Trans fats can be found in almost all fatty ready meals like pizza, frozen dishes, or baking mixes, as well as in margarine, chips, cookies, donuts, industrial pastries, nut-nougat creams, and fried fast food. In very small quantities, they can also be found in meat, fish, and milk.

The author Bas Kast writes in his guidebook “The Nutrition Compass”: “Trans fats fuel the inflammatory processes in the body and lead to insulin resistance. They are toxic and should be avoided at all costs.” Dr. Neuhaus adds: “Studies have shown that trans fats increase the concentration of LDL cholesterol in the blood, which is ultimately a major risk factor for the development of coronary heart disease.” The more trans fatty acids we consume, the higher the risk.

But even in our own kitchen, we should be careful when frying and baking with oils: trans fats are formed at 130 degrees Celsius. The benefits of unsaturated fatty acids are lost, while trans fats can lead to health problems. When heating oils and fats, it is important to choose those with a high smoke point that are stable enough to withstand the high temperatures of cooking.

For frying at a light to medium temperature, butter or ghee is suitable, while coconut oil or refined vegetable oils like sunflower oil, peanut oil, or rapeseed oil are suitable for medium to higher temperatures.

Does fat make you fat?

Many prejudices about fat still persist. One of the biggest: fat makes you fat. But is that really true? Not really: weight gain depends on the overall balance between the calories consumed and the energy expenditure (metabolism and physical activity). If we consume more calories than the body burns, we gain weight - regardless of whether these calories come from fats, carbohydrates, or proteins.

However, fat contains more calories per gram than carbohydrates and proteins, so excessive consumption of fatty foods can easily lead to excessive calorie intake - and in the long term to weight gain if the energy is not burned through exercise. So it's, as with everything, about balance.

“Low-fat” products are trendy - but are they really healthier?

As part of the "diet culture," low-fat products are very popular, and supermarkets are full of low-fat yogurts, light dressings, light chips, or diet cereal bars. For a long time, it was said that low-fat foods contribute to a healthier diet and should help with weight loss: triggered in the 1970s when scientific studies began to establish a link between a high-fat diet and cardiovascular diseases as well as overweight.

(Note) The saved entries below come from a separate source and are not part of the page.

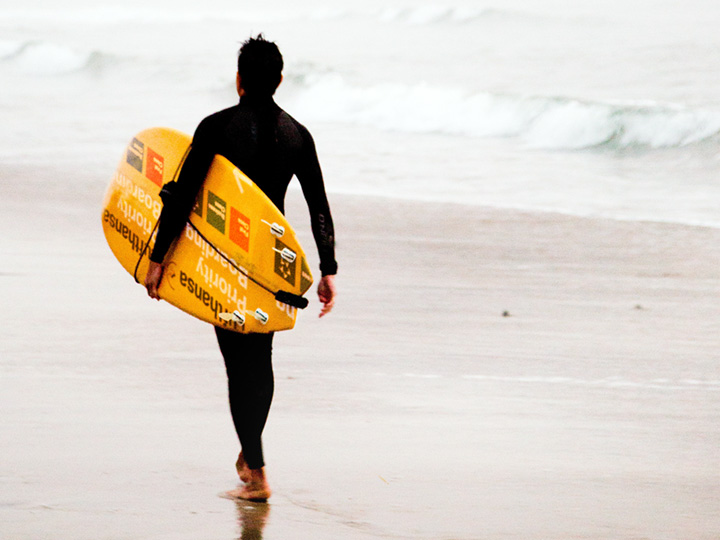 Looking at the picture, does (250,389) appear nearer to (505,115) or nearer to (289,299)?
(289,299)

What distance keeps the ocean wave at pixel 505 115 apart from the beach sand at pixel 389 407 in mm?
12647

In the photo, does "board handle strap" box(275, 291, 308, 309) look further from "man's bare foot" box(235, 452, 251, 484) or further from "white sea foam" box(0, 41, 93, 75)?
"white sea foam" box(0, 41, 93, 75)

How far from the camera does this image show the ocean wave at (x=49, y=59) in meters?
36.9

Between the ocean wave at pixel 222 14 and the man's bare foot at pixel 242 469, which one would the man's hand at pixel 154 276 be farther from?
the ocean wave at pixel 222 14

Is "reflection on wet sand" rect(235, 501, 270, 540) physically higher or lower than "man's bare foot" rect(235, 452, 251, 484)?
lower

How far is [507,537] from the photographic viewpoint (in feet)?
12.8

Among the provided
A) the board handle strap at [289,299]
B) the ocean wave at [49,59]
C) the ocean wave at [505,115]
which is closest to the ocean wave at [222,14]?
the ocean wave at [49,59]

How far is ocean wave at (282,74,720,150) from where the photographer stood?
22219 millimetres

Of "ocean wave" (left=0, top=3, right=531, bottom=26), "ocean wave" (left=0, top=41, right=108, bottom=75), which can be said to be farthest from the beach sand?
"ocean wave" (left=0, top=3, right=531, bottom=26)

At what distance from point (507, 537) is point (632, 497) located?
0.69m

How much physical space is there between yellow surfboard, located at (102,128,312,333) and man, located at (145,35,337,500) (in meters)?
0.06

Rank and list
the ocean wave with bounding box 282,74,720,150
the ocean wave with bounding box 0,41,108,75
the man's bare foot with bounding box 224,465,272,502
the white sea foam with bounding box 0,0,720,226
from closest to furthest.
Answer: the man's bare foot with bounding box 224,465,272,502, the white sea foam with bounding box 0,0,720,226, the ocean wave with bounding box 282,74,720,150, the ocean wave with bounding box 0,41,108,75

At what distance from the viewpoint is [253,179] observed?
4137 mm

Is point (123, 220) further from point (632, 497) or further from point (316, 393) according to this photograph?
point (632, 497) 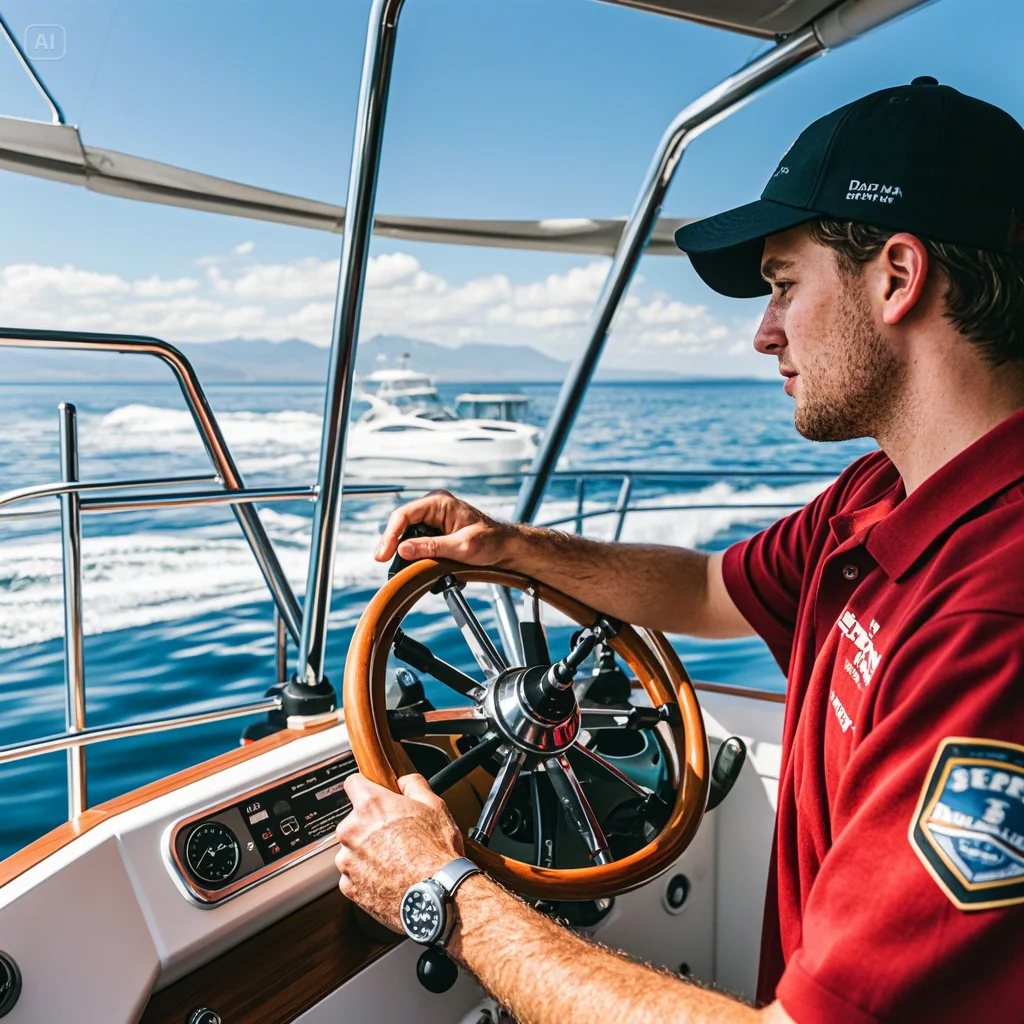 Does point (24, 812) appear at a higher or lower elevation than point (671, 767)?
lower

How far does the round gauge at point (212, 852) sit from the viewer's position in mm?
1062

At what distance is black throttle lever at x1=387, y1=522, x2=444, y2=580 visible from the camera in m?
1.12

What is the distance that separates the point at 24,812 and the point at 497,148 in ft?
64.7

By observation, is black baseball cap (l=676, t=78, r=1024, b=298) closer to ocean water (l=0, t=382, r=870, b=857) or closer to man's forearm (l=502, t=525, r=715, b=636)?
man's forearm (l=502, t=525, r=715, b=636)

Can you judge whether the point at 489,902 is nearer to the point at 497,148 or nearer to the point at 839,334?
the point at 839,334

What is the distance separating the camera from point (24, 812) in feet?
9.27

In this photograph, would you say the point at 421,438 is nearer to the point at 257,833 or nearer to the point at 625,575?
the point at 625,575

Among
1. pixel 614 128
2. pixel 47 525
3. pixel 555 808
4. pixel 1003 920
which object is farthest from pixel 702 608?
pixel 614 128

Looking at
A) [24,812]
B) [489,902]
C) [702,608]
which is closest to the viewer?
[489,902]

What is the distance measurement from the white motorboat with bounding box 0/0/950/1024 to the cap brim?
0.47 metres

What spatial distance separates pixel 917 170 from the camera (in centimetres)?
83

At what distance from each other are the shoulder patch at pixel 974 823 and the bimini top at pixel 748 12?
3.77 ft

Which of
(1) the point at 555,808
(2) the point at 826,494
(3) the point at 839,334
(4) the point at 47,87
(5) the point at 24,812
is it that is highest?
(4) the point at 47,87

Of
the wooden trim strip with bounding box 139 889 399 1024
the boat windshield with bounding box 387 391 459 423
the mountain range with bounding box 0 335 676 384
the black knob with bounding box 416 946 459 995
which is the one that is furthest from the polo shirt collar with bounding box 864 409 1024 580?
the boat windshield with bounding box 387 391 459 423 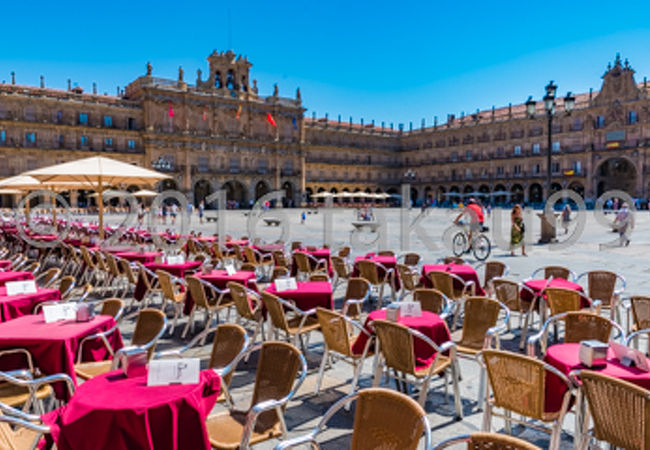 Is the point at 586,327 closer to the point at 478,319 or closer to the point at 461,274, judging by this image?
the point at 478,319

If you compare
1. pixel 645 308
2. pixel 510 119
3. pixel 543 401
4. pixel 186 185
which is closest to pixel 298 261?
pixel 645 308

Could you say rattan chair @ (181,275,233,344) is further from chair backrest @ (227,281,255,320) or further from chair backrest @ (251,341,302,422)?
chair backrest @ (251,341,302,422)

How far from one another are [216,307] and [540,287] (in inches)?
155

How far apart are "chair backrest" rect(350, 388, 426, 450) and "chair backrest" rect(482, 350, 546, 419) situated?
956 millimetres

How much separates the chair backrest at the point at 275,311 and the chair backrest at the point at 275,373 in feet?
5.03

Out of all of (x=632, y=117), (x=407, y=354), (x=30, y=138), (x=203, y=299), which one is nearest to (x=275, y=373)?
(x=407, y=354)

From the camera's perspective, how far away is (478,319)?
14.6 ft

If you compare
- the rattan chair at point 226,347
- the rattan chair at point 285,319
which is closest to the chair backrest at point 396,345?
the rattan chair at point 226,347

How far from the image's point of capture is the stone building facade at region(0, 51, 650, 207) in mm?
42500

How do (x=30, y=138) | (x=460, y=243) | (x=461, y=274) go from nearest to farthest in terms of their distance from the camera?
(x=461, y=274)
(x=460, y=243)
(x=30, y=138)

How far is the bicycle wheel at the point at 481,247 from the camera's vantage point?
469 inches

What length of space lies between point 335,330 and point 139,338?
171cm

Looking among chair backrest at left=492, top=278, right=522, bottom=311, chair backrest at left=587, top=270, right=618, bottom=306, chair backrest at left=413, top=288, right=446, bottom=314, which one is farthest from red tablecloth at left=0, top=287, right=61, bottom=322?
chair backrest at left=587, top=270, right=618, bottom=306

Meanwhile, it is known: Fat is the most energy-rich macronutrient. It provides about nine calories per gram, compared to about four calories per gram for both carbohydrates and protein.

The result of consuming light products can be that we do not feel full and instead eat more fast carbohydrates like pasta, white bread, or sugared industrial products, which turn out to be far unhealthier. "Therefore, one should not banish good fats from their diet," advises the expert.

The DGE recommends consuming no more than 30 percent of daily energy in the form of fat per day. With a daily energy requirement of 2000 to 2500 kcal, this corresponds to about 60 to 80 g of fat. For illustration: "In one tablespoon of oil or one tablespoon of butter, there are about 10 grams of fat. By using 3 tablespoons of high-quality oil and 1 tablespoon of butter, about 20 to 40 g remain for non-visible fats from other foods."

Thus, many natural high-fat foods - like olive oil, linseed oil, nuts, seeds, or avocados - are simply healthy and should regularly be on our plates, while we should preferably avoid trans fats. Ultimately, a balanced diet with a variety of unprocessed and organic foods is the key to a healthy lifestyle, regardless of whether they are low in fat or not.